Recording a keyboard

Jake Johnson

New member
I'm new to recording keyboards and thus may have a very elementary question: Since the sound of a keyboard is partly dependent upon the size of the cones in the speakers, to get a good recording of the piano sound from a keyboard,is it best to mic the speakers, just as you mic a guitar?

Keyboards seem made to plug directly into a recorder, yet I get poor sound quality if I do this (or attach midi cables from the keyboard to my hard disk recorder).

What is the best way to get a good sound while attaching the keyboard directly to the recorder? (I'm wanting a good piano sound.)
 
Well I would suggest you this:

- If you have a sblive soundcard that supports SoundFonts, you can connect your key's midi OUT to your soundcard's midi IN. Later you can download or buy a good piano soundfont.

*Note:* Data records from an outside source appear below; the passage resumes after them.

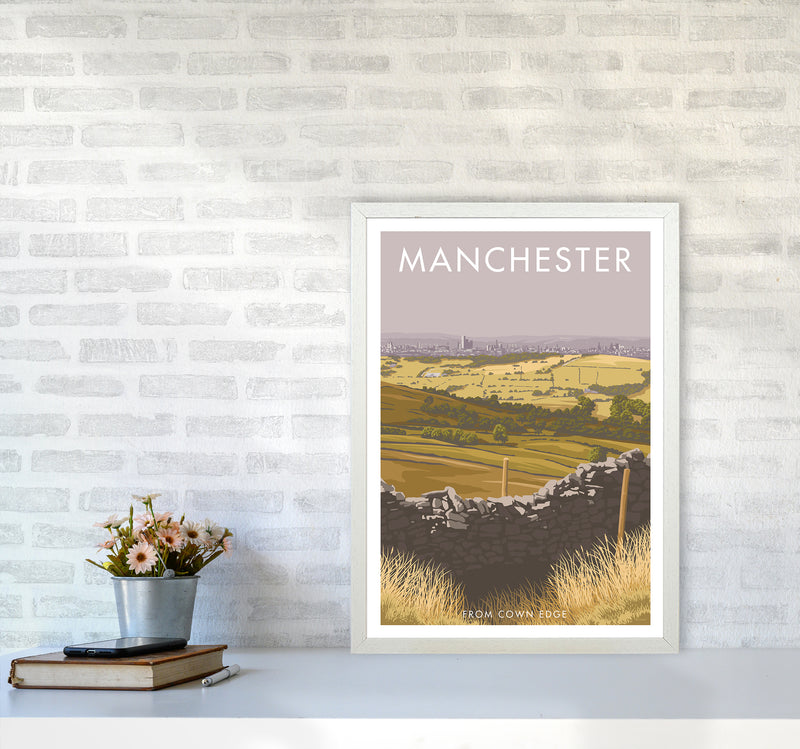 Manchester Cown Edge Travel Art Print By Stephen Millership A2 Oak Frame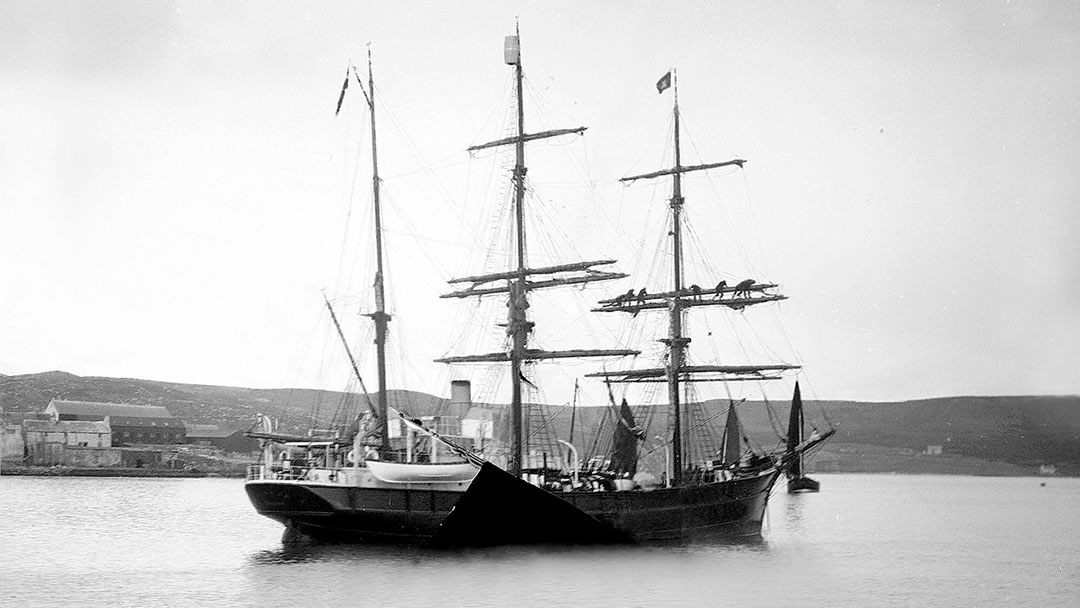 An Arctic whaling vessel docked in Stromness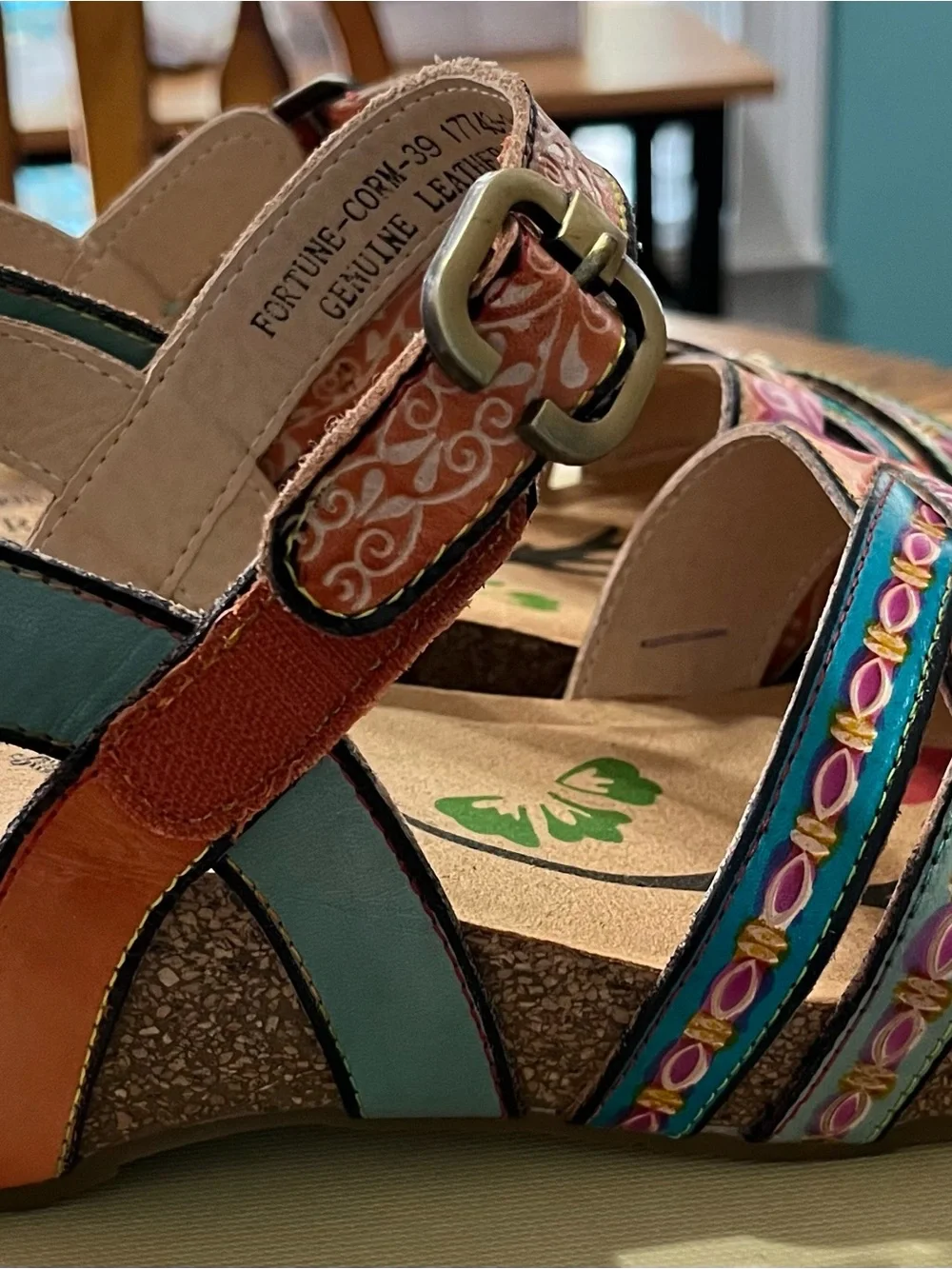L'Artiste by Spring Step Multicolor Floral Leather Sandals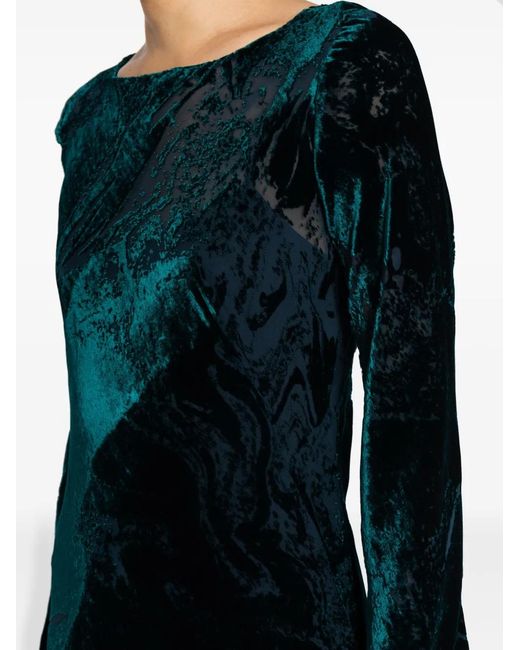 Alberta Ferretti Black Pleated Velvet Maxi Dress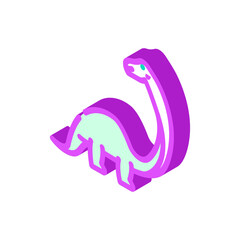 brontosaurus dinosaur animal isometric icon vector. brontosaurus dinosaur animal sign. isolated symbol illustration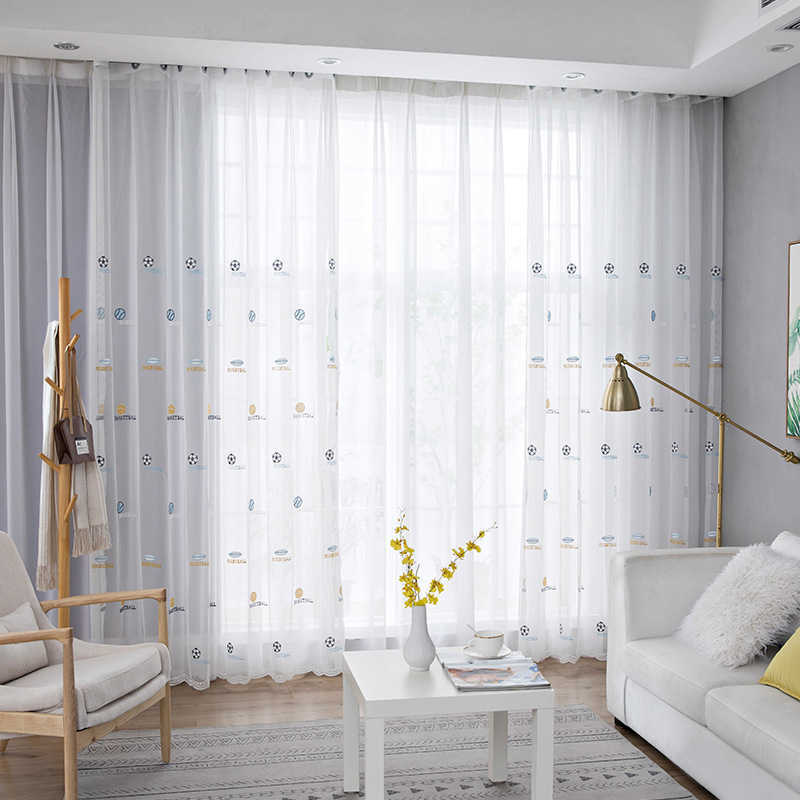 Curtain White Football tulle curtains for boy kids room curtains living room bedroom window embroidered sheer curtain drape ready made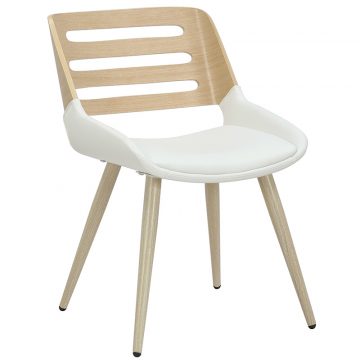 Καρέκλα Brody pu λευκό- πόδι φυσικό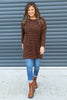 Nessie Stripe Cord Top Cocoa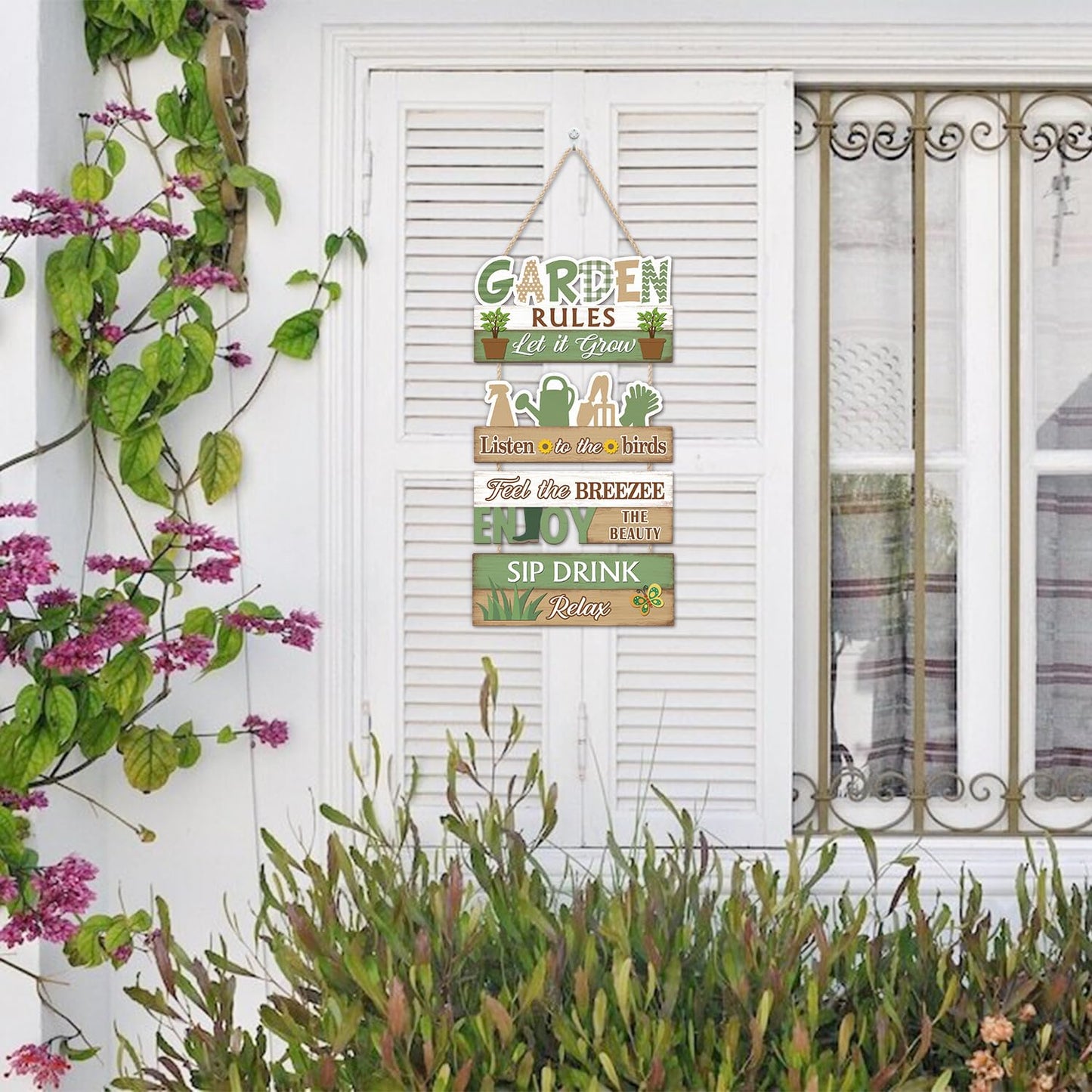 IARTTOP Garden Rules Hanging Sign Let It Grow Wooden Plaque Garden Home Decor Farmhouse Welcome Door Signs for Porch Yard Gardening Shed Decorations 10x18.4Inch Gifts for Plant Lovers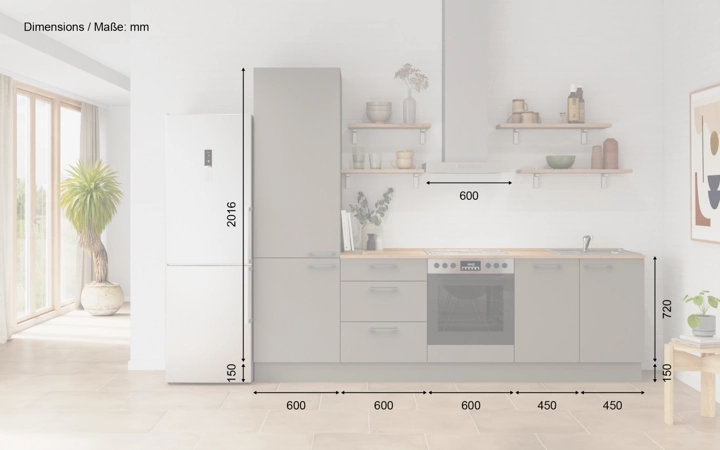 Nobilia SPA Galley kitchen 270 cm with appliances planning 12 5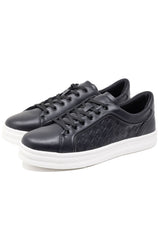 Barabas Wholesale Men's Checkered Pattern Premium Leather Sneakers 4SK04 Black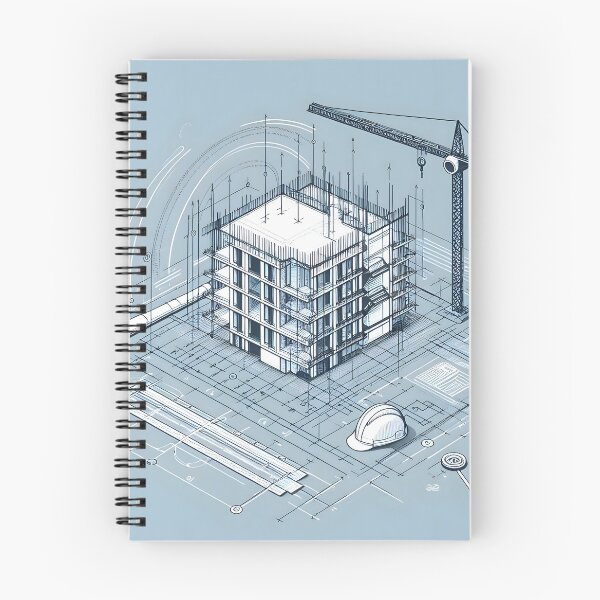 Item preview, Architectural Blueprint Art | Digital Construction Design | Engineering Blueprints | Modern Building Plans designed and sold by PandaTShirtShop.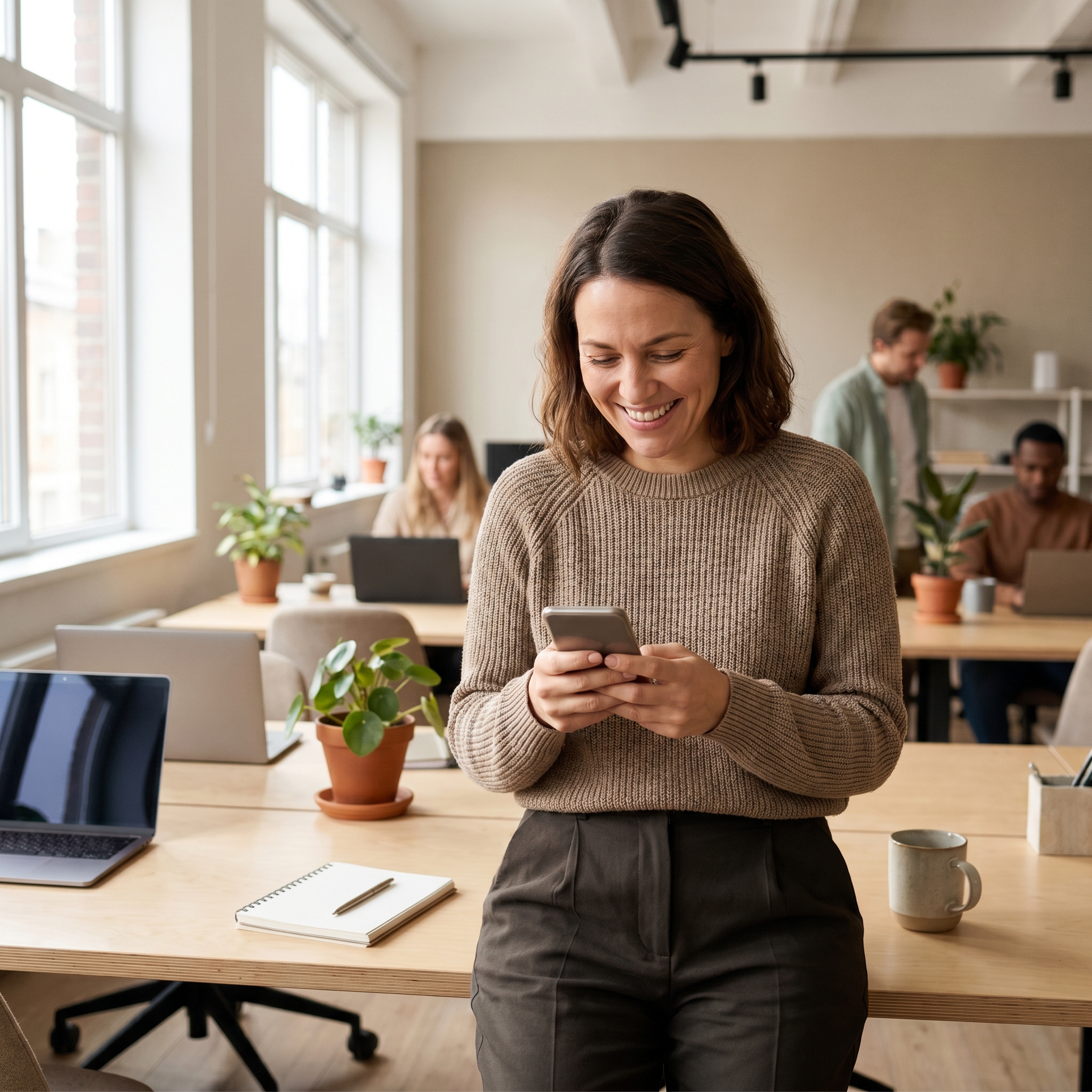 Collaboratrice consultant ses avantages salariés sur smartphone en open space moderne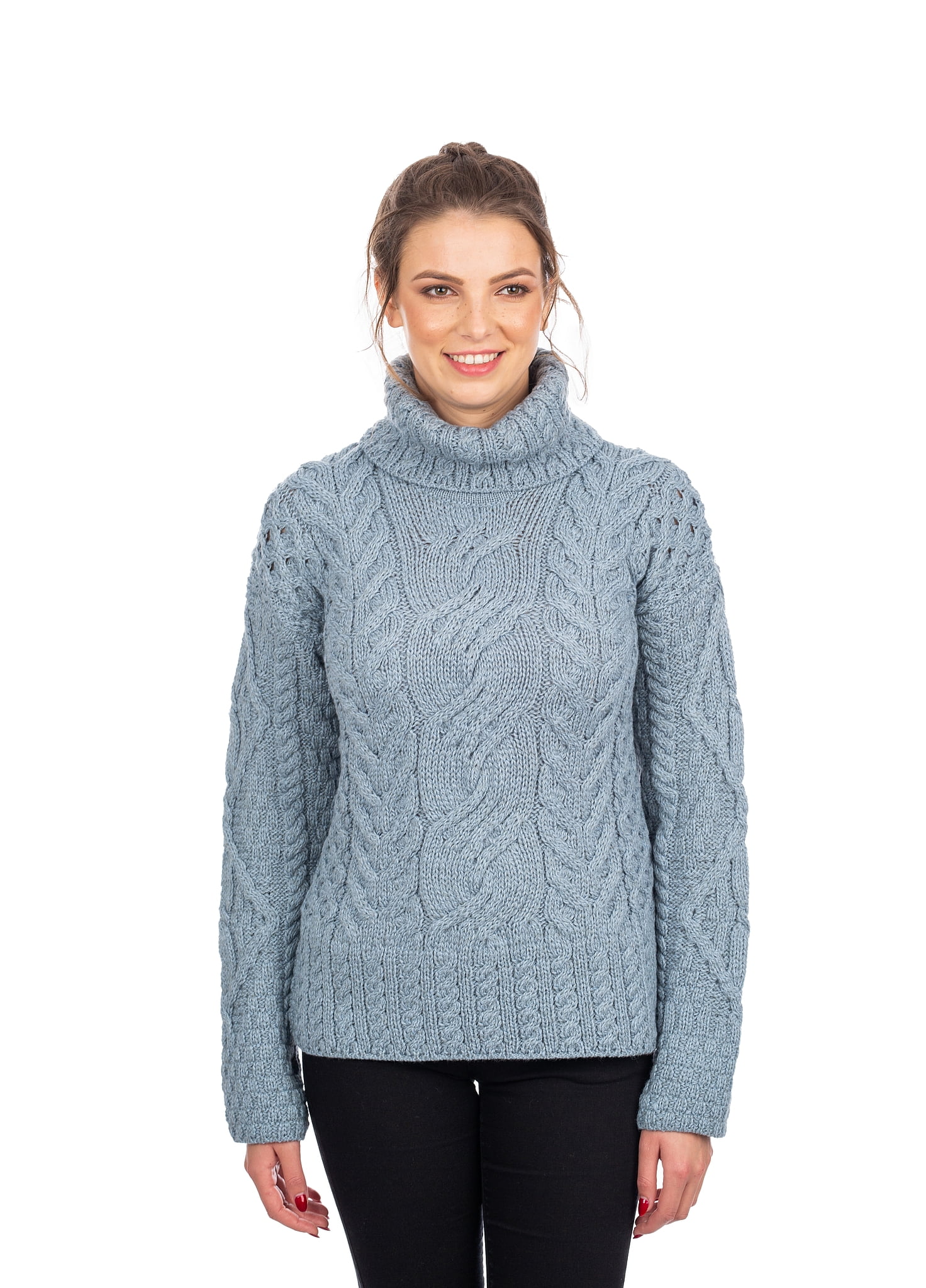 SAOL - SAOL Irish Turtleneck Sweater for Women 100% Merino Wool ...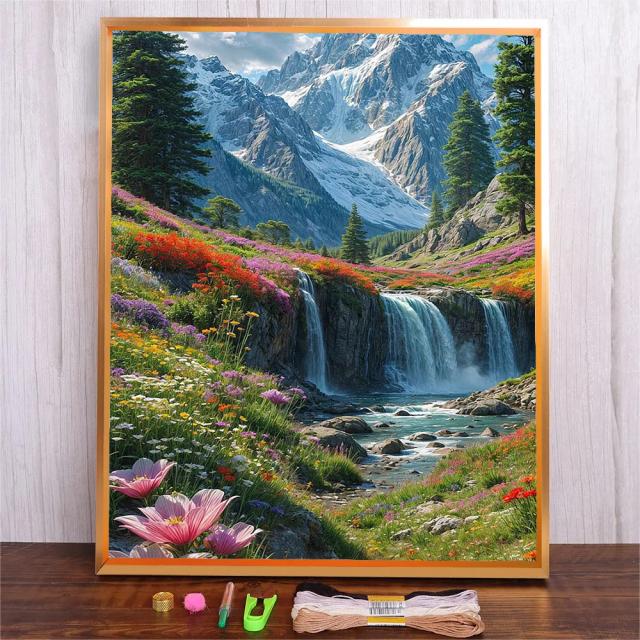 Conjunto de Bordado Ponto Cruz Artesanal com Motivo de Montanha e Cachoeira para Decoração de Parede, DIY 11CT e 14CT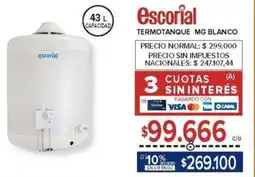 Carrefour Escorial termotanque mg blanco oferta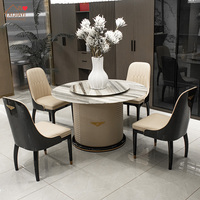 Ensemble de table à manger en bois de style italien moderne, 6 chaises, plateau en marbre rotatif, finition laquée noire brillante, salle à manger de luxe pour villa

You can use a midi editor like cakewalk to do this.
It's very simple and easy.

Good luck let me know if you need anything else.

- Javier
 
Usually the most direct route is best. I'm not aware of any advantage to recording the amp speaker beside the fact that it will produce a different sound. It will not be cleaner...but can pick up some room/live characteristics.
See what happens.
It may be that you are unhappy with the piano patch that your keyboard is producing and that no way of recording it will change that. Depending on what kind of keyboard you have, you may be able to edit the patch characteristics internally and create a sound you like better.
If not, you can record the MIDI/event data and then replace the sound source if possible, as Jake recommends.
 
This is something I'm passionate about.

I record keyboards all the time by miking my PA cabinet. If you have a keyboard amp they are great too. It IS a different sound and is more like the way you hear the keyboard. Going direct can be too clean and bland sometimes. However, if I record a digital acoustic-piano sound I usually go direct. It just depends. Electric piano, clav, organ, lead sounds, and any fat sounds are all fair game for miking. Speaker simulators can work great too. The bigger the speaker the better, a 15" woofer is the only way to hear the bass that synths are capable of. A minimoog or Virtual Analog synth through a pair of studio monitors is a joke, yet that's what how most keyboardist listen to them.

I have a Keyboard magazine from the 80's that has a roundtable discussion from many of the top producers about recording keyboards. Most of them talked about miking amps all the time. Yet, I will venture that very few keyboardists/home recorders' do that. They are missing out in my opinion.